Rethinking India’s intermediary liability regime: The advent of intermediary-turned-publishers


The article argues that certain social media intermediaries may become publishers by design, with regards to the curation of the News feed, in the light of IT Rules, 2021.

[Ed note: This article has been written by Raghav Ahooja, a law graduate from RGNUL, This article has been coedited and co-ordinated by Ajitesh Arya, Gayatri Gupta from our student editorial board.]

While much of the discussion around the hotly-debated IT rules is centred around their constitutionality, commentators seem to have overlooked the devil-in-the-details: the unholy alliance of intermediary and publisher liability. This leads us to the problematically pioneering codification of intermediary-turned-publishers in a democratic setup.

Introduction – harbour safe no more?

The Government of India notified the much-contested Information Technology (Intermediary Guidelines and Digital Media Ethics Code) Rules, 2021 (‘IT Rules’) earlier this year. These rules were issued primarily in furtherance of the rule-making powers of the Government under sections 69A and 79 of the Information Technology Act, 2000 (‘IT Act’) that deal with intermediaries and their conditional immunity.
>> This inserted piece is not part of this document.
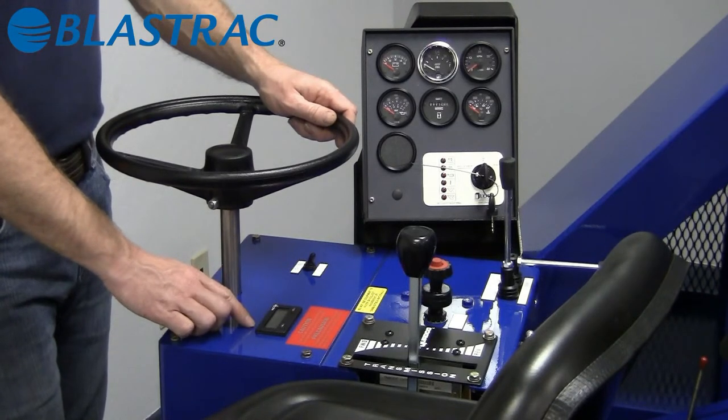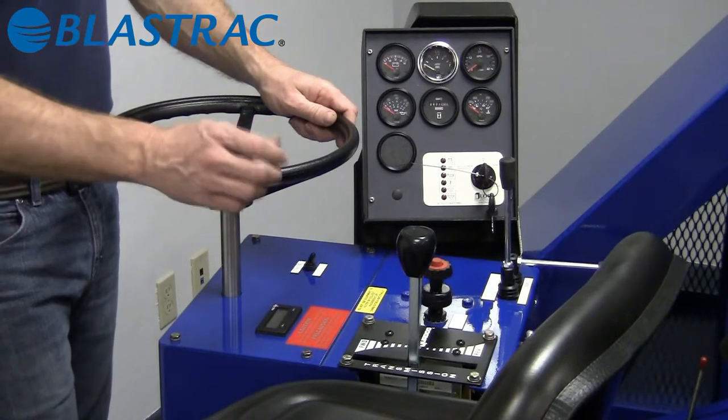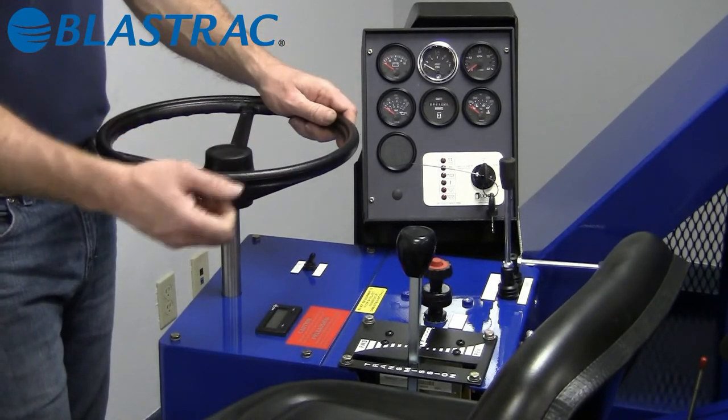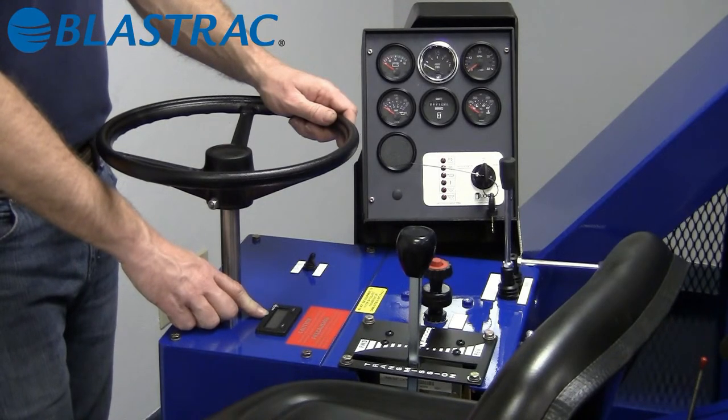We also incorporate the use of a foot-per-minute gauge. This ensures even, consistent blasting — you always want your travel rate and abrasive flow to be the same. This provides a nice digital readout for the operator to see how many feet per minute they're traveling.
One peculiar aspect of the rules was the extension of these provisions, which generally apply to intermediaries, to ‘publishers’ such as news websites and OTT platforms. Content blocking within the IT Act is codified under section 69A, which applies to intermediaries only. But the IT Rules 2021 extend content blocking to publishers as well under rules 15 and 16 (as publishers can be directed by the government to delete, modify or block news & current affairs content (‘NCA’) and online curated content (‘OCC’). For the purposes of this article, there are 3 classes of ‘publishers’ that are relevant – social media intermediaries (‘SMIs’) i.e. participative platforms, aggregators of news, and portals disseminating news. While news aggregators and portals have already been codified as publishers under the new regime, I argue in this piece that SMIs would also qualify as publishers under the new IT Rules.Like the EU, India follows a ‘safe harbour’ model. Under this model, an entity playing the role of an intermediary is protected from liability provided it acts as a ‘mere conduit’ of lawful information. Alternatively, in case of unlawful information, it must remove or disable access upon gaining actual knowledge of such information to remain protected.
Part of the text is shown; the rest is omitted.